Handling manufacturer descriptions on an ecommerce site

Forum Moderators: Robert Charlton & goodroi

Message Too Old, No Replies

Handling manufacturer descriptions on an ecommerce site

dereksmalls5

9:31 am on Feb 18, 2015 (gmt 0)

Hi,

I hope you can help me.

The site I'm working on has scraped all of their product descriptions straight from the manufacturer.

This means of course that Panda has reared its head and the site is in the bin when it comes to SERP results.

I'm currently re-writing the product descriptions by hand, but with nearly 1500 products, this is going to take a while.

As the product pages of course take up a huge bulk of the site, would it be beneficial to somehow remove all of the categories that I haven't got to yet out of the index and add them back in as I re-write them?
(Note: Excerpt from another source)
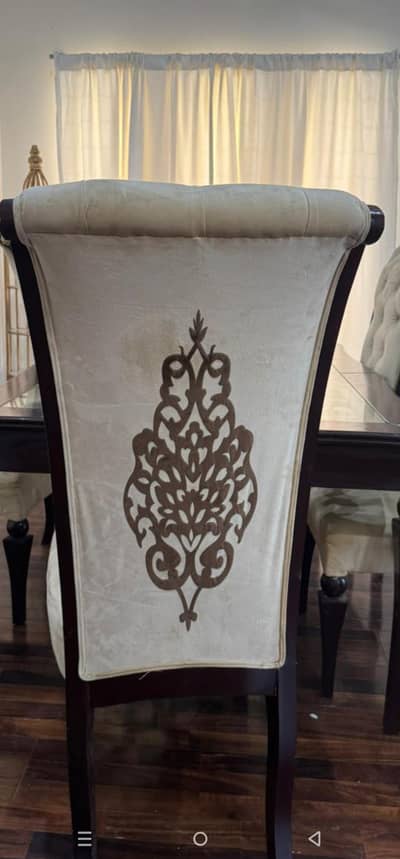 Dinning table for sale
If so, how exactly would you go about this? I don't really come from a technical background but I do have a web designer who should be able to make changes for me...I just don't know exactly what changes would be beneficial in my situation!
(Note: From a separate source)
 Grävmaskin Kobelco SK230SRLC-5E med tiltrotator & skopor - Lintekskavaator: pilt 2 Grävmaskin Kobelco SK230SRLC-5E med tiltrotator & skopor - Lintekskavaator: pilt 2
Any help would be appreciated.

Many thanks.

adder

11:28 am on Feb 18, 2015 (gmt 0)

Depends on the software that runs the store. If it allows you to edit header code on a per-category basis, you can add this within your <head> tags


<META NAME="ROBOTS" CONTENT="NOINDEX, NOFOLLOW">

And then as you finish the categories, just remove this line and it will become "crawlable" again.
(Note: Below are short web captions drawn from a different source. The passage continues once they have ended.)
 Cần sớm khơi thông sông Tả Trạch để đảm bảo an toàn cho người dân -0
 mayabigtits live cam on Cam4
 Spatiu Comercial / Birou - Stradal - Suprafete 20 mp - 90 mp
If all the pages use the same header code, you can achieve the same by making changes to your robots.txt file. Add something like this:


User-agent: *
Disallow: /product-category-1/
Disallow: /product-category-2/

And make sure that the specific product pages can't be accessed using another url. For example, if I can access your product pages both via
/product-category-1/green-widget-5/
and
/catalog/green-widget-5/

when you disallow the /product-category-1/ folder, Google will keep crawling the /green-widget-5/ page because it can access it via the catalog page.

So, to sum it up, you're better off adding the robots tag to the specific product pages, not the category pages.

As the product pages of course take up a huge bulk of the site

On a side note, something you should think about. What type of pages take up the remaining bulk? Are they original/high-quality? If it's just the usual "about us" and "ToS" types of pages, you may find that writing those 1500 original descriptions doesn't produce the results you've been expecting.

I had a client who built an e-commerce site using a standard off-the-shelf script. He couldn't be persuaded to write a blog. All the product pages had "thin content" and we made things better by adding user-generated content to the product pages: reviews and how-to videos. Unless the descriptions you write are awesome in-depth stuff, you might need something similar to give those pages a competitive edge.

dereksmalls5

12:27 pm on Feb 18, 2015 (gmt 0)

Thank you very much for your help.

That is great advice which I will pass on today.

Do you know what sort of time frame I would be looking at to know how long it will take to de-index the problem pages and see some improvement in SERP positions for the products that I re-write and improve on? i.e. will this help me to escape from Panda?

I will of course ensure that all the other pages have robust and informative text on it. We do have a blog but it's been very neglected so I will get that started again. All the other pages probably need beefing up as well actually.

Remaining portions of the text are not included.